When we visit, Wayne is out in the driveway before I’ve shut off the engine – to carry his baby granddaughter in from the car. He plays with Rae so much, I can scarcely get my hands on her when we’re there. His sandwich sits there, uneaten, because he’s too busy playing peekaboo. Sometimes he’s so moved by her funny faces and sweet babble, tears well up in his eyes. He says, “She’s so cute, it hurts.”
Wayne and I also share a special bond, one largely based on naughty jokes – a sentiment I’ve generously brought into the family, to my husband’s amusement and horror (mostly horror).

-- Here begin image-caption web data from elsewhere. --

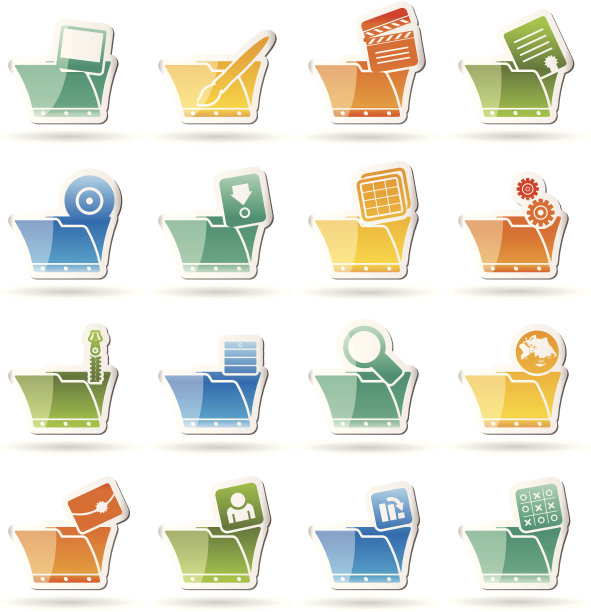 电脑和电话图标-文件夹图片下载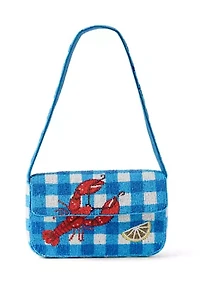 Beaded Lobster Shoulder Bag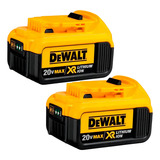 Kit Com 2 Baterias 20v Max Xr 4 0 Ah Li íon Dcb204 b3 Dewalt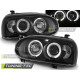 Osvetlenie ŽAROMETI ANGEL EYES ČRNA za VW GOLF 3 09.91-08.97 | race-shop.si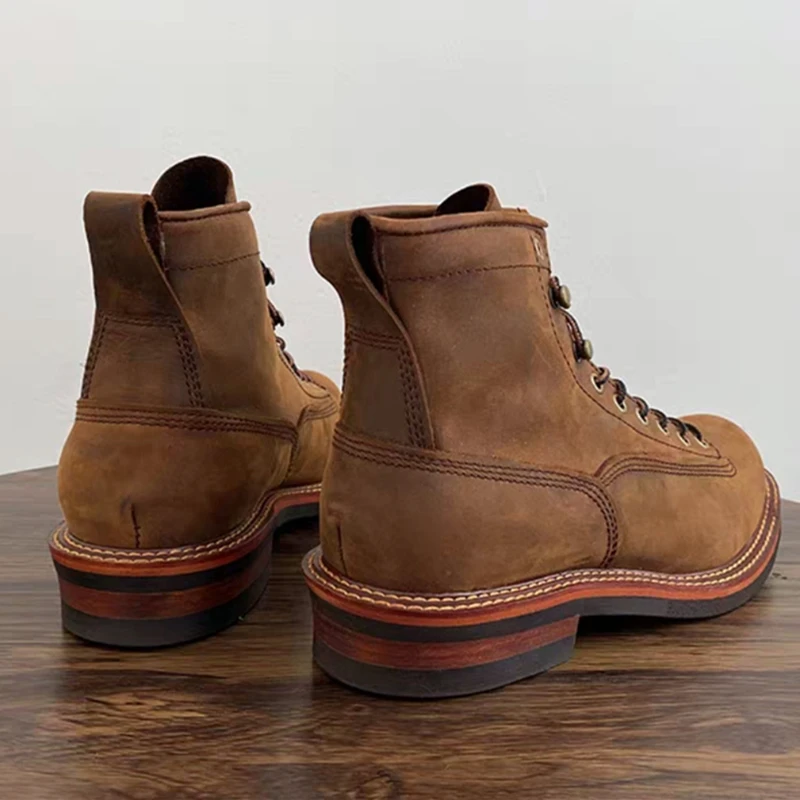 Vintage British Men Ankle Boot - Tools Work 评论和价格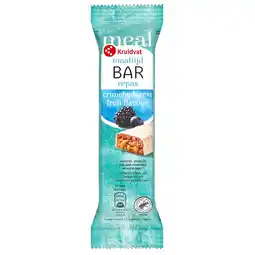 Kruidvat Kruidvat Crunchy Forest Fruit Maaltijdreep aanbieding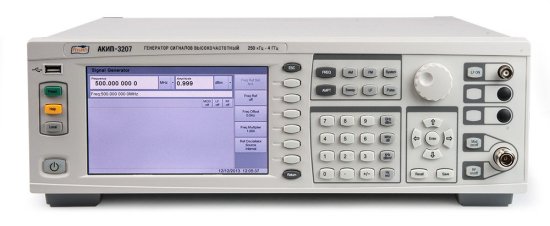 Высокочастотные генераторы сигналов АКИП-3207 и АКИП-3207/1 Высокочастотные генераторы сигналов АКИП-3207 и АКИП-3207/1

I feel bad sometimes because I get to enjoy him more than most of his own crowd. And when I say crowd, I mean CROWD. Wayne and Rosena have seven children and ten grandchildren. But only two and four of them, respectively, live here in the province. Work and commitments keep the others away, but their hearts are home in Mount Pearl, where they used to pile into the car to go for a drive and fight for the coveted spot in the front seat between their folks, where breathing was possible.
A couple years back, I made Wayne a Father’s Day card that read: “My dad is dead but I reckon you’re a pretty good substitute.” (My humour can be dark.) Nobody can replace my father. Jim Combden was something else and I’ll think of him every day for as long as I live. But I won’t spend so much time remembering him that I forget to see the souls still above the sod. Apparently recognition doesn’t matter much to anyone once they’re tits-up. The world is full of love that goes unspoken.
My dad would be glad. He was grateful that I was a part of the humble Murphy brood, where the kettle is always on for me, where I still speak of him often. He knew I was in good hands, with the family I had and the one I had married into. Of course, blood is thicker and all that. But I’ve told Wayne and Rosena: if things don’t work out with me and Andrew – he’s out, I’m in.
Tomorrow, I’ll be helping my father-in-law celebrate his 70th birthday. And the very next day, I’ll be celebrating my father’s memory at the 6th annual Jimmy Golf Tournament for the Gander Cancer Clinic.